■ **What is being asked**
Once you reach the line with "Thank you for" below, copy each line exactly, stopping after the line with "Hello Udemy, I", and skip any pictures.

-- Dataset extract follows --

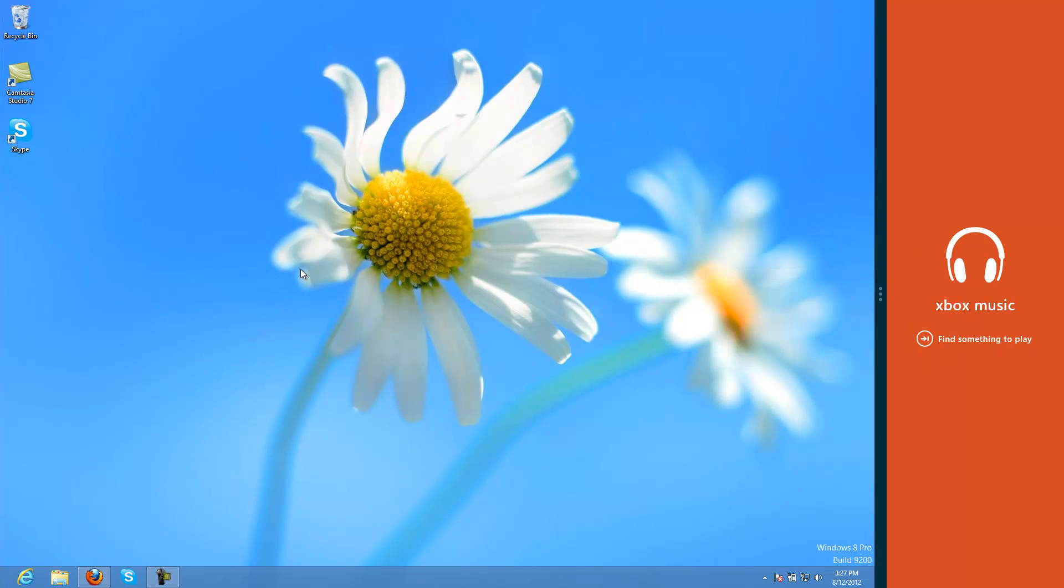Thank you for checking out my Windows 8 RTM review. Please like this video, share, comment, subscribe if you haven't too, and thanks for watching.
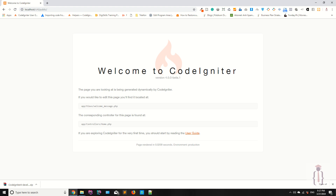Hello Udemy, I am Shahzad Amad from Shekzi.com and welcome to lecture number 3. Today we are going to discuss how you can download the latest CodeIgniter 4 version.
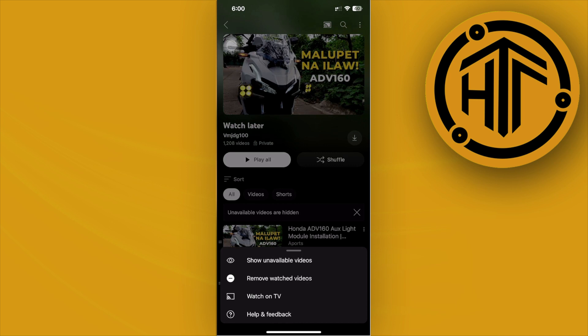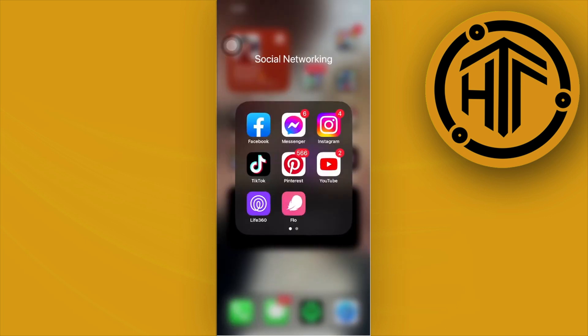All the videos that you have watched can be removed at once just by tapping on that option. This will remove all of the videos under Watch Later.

-- Dataset extract concluded --
-- Dataset extract follows --

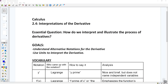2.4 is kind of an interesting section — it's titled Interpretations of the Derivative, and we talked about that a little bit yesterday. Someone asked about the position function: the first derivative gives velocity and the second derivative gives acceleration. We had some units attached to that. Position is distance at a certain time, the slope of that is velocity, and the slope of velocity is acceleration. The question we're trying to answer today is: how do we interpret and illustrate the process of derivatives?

-- Dataset extract concluded --
-- Dataset extract follows --

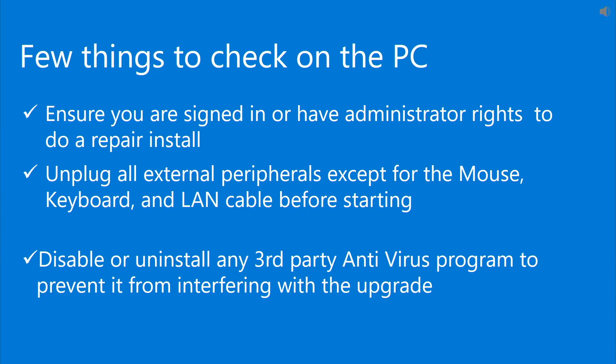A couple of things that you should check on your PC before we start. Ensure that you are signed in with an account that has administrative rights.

-- Dataset extract concluded --

■ **Exercise output**
Thank you for checking out my Windows 8 RTM review. Please like this video, share, comment, subscribe if you haven't too, and thanks for watching.
Hello Udemy, I am Shahzad Amad from Shekzi.com and welcome to lecture number 3. Today we are going to discuss how you can download the latest CodeIgniter 4 version.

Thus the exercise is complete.